- **To do**
Extract, exactly and without pictures, every line from the one that includes "Package Deal - The Package" through the final line of the material below.
Records to process section start
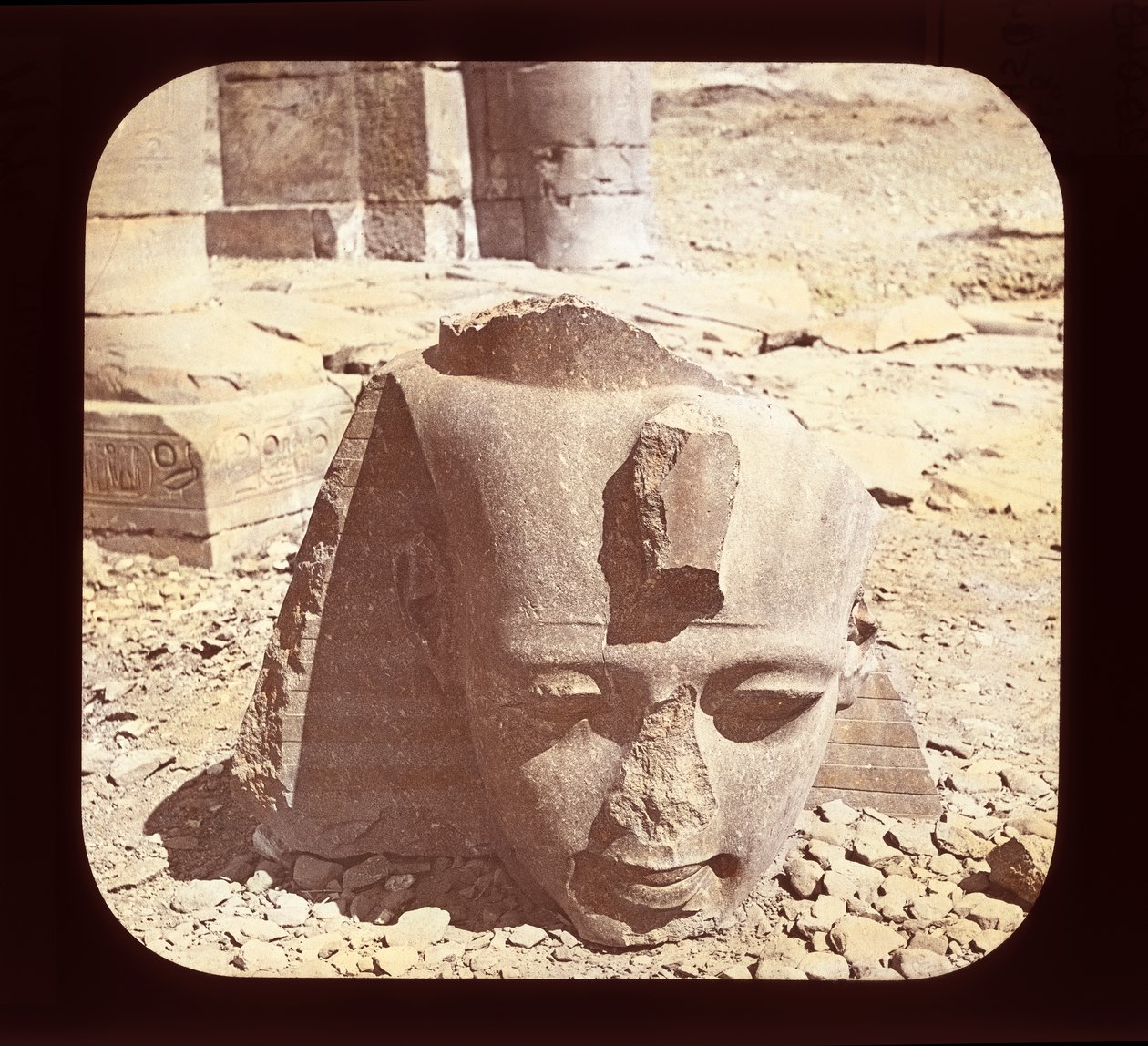 Egitto - Il Ramesseum, testa del colosso di Ramses II, Tebe da American Photographer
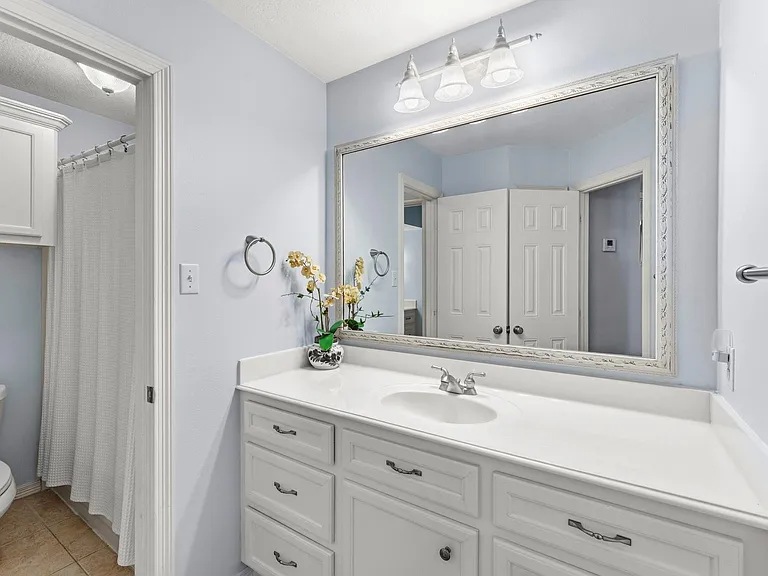 1208 Lake View Dr — Photo 32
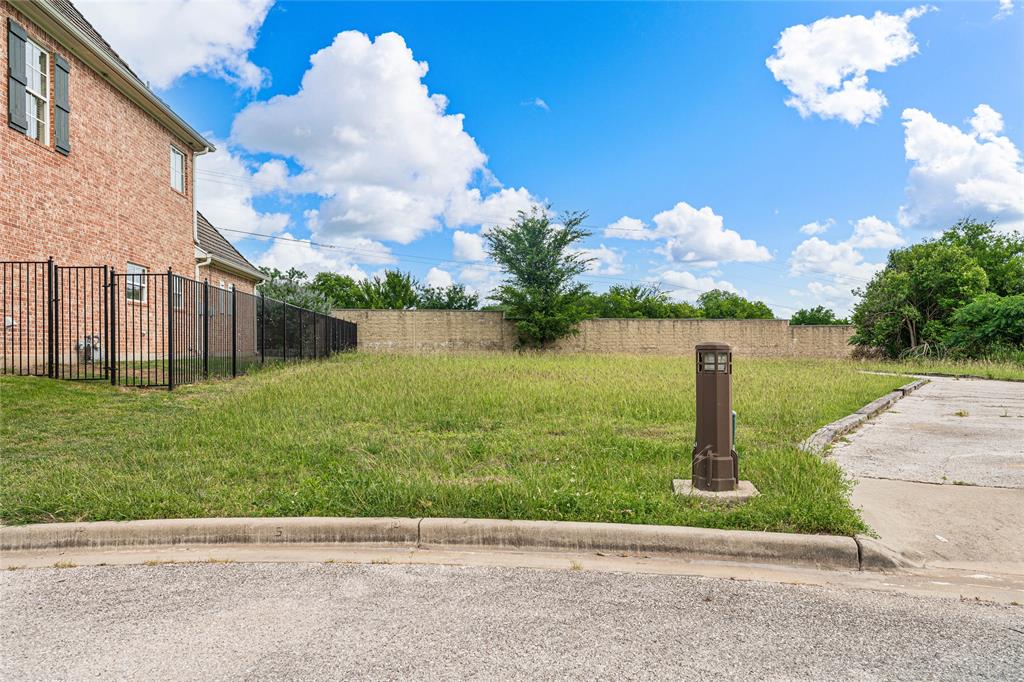 Package Deal - The Package Deal - The Enclave Court Waco, TX 76708 - Photo 31 of 40 Lot 19, Block 1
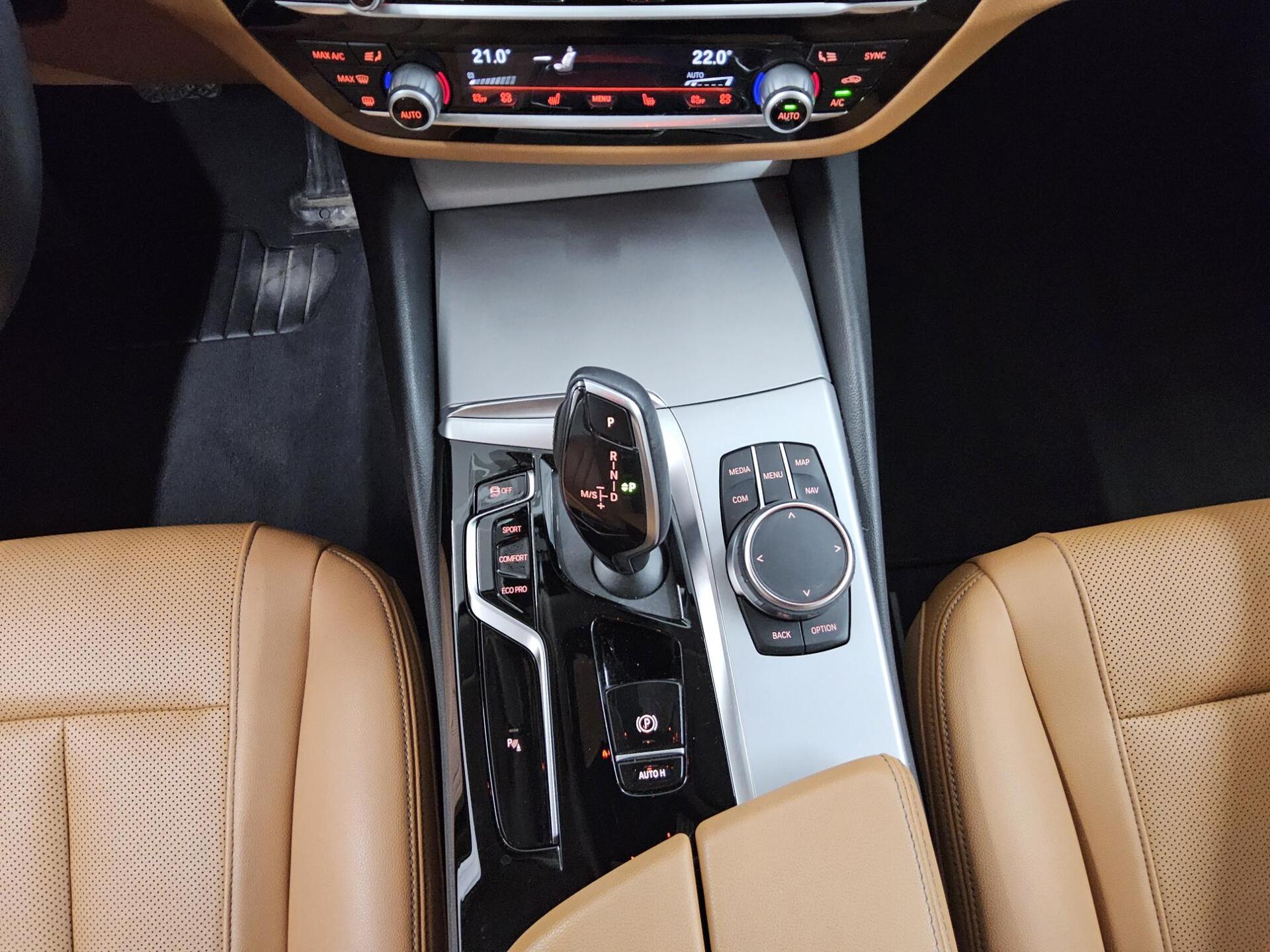 BMW 520dA Touring xDr Leder Navi LC-Pro RfK StHzg 6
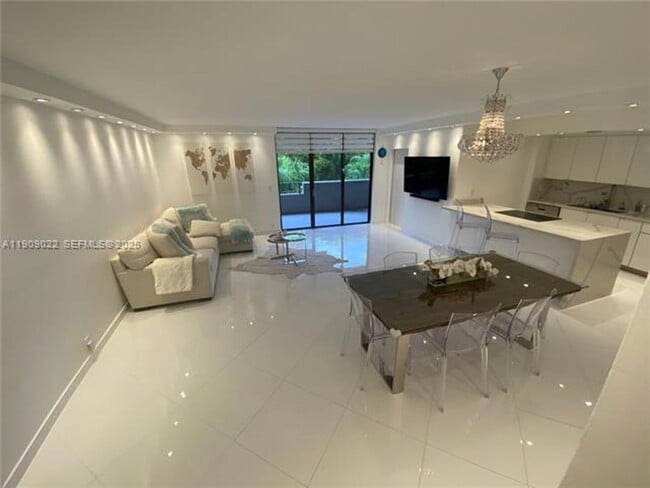 Photo - 121 Crandon Blvd Unit 121 Crandon Blvd  351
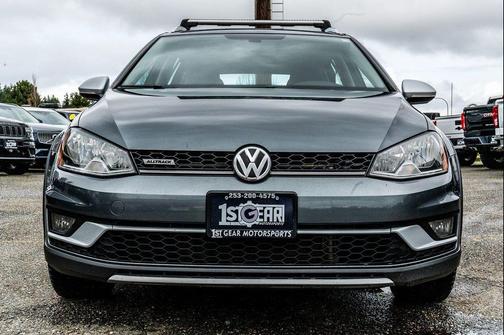 2017 Volkswagen Golf Alltrack TSI S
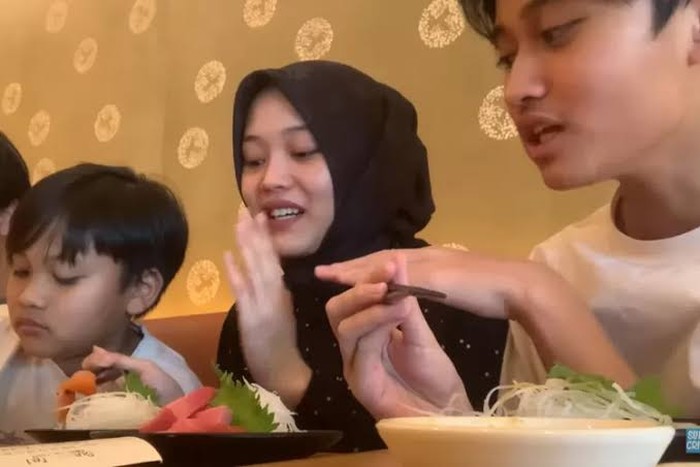 Rizwan Fadilah Anak Sule Ternyata Jago Masak Nasi Goreng dan Baked Potato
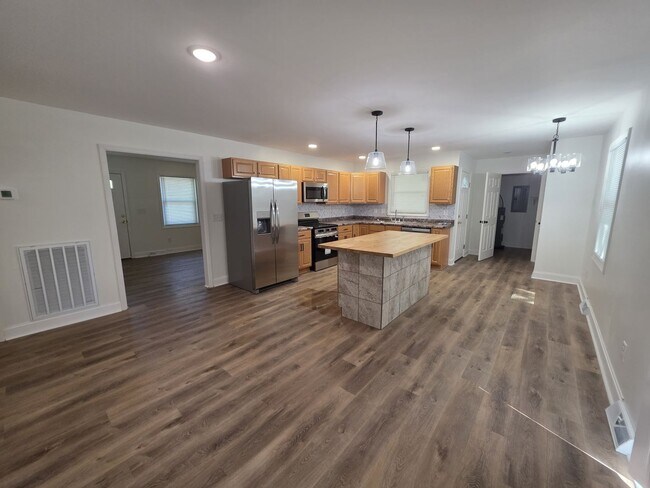 Building Photo - Renovated 3-Bed/2-Bath Home with Carport & Fenced Yard – Near Fort Campbell!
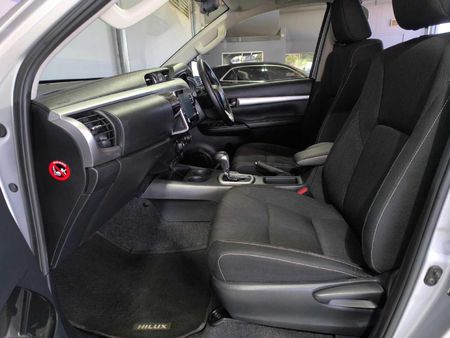 2023-Toyota-Hilux-28-GD-6-Raised-Body-Raider-Auto-Double-Cab_9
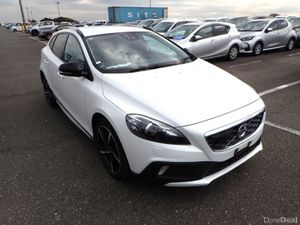 Volvo V40 2.0 D4 CROSS COUNTRY SE LUXURY DIESEL 19 - Image 2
Records to process section end
- **Task output**
 Package Deal - The Package Deal - The Enclave Court Waco, TX 76708 - Photo 31 of 40 Lot 19, Block 1
 BMW 520dA Touring xDr Leder Navi LC-Pro RfK StHzg 6
 Photo - 121 Crandon Blvd Unit 121 Crandon Blvd  351
 2017 Volkswagen Golf Alltrack TSI S
 Rizwan Fadilah Anak Sule Ternyata Jago Masak Nasi Goreng dan Baked Potato
 Building Photo - Renovated 3-Bed/2-Bath Home with Carport & Fenced Yard – Near Fort Campbell!
 2023-Toyota-Hilux-28-GD-6-Raised-Body-Raider-Auto-Double-Cab_9
 Volvo V40 2.0 D4 CROSS COUNTRY SE LUXURY DIESEL 19 - Image 2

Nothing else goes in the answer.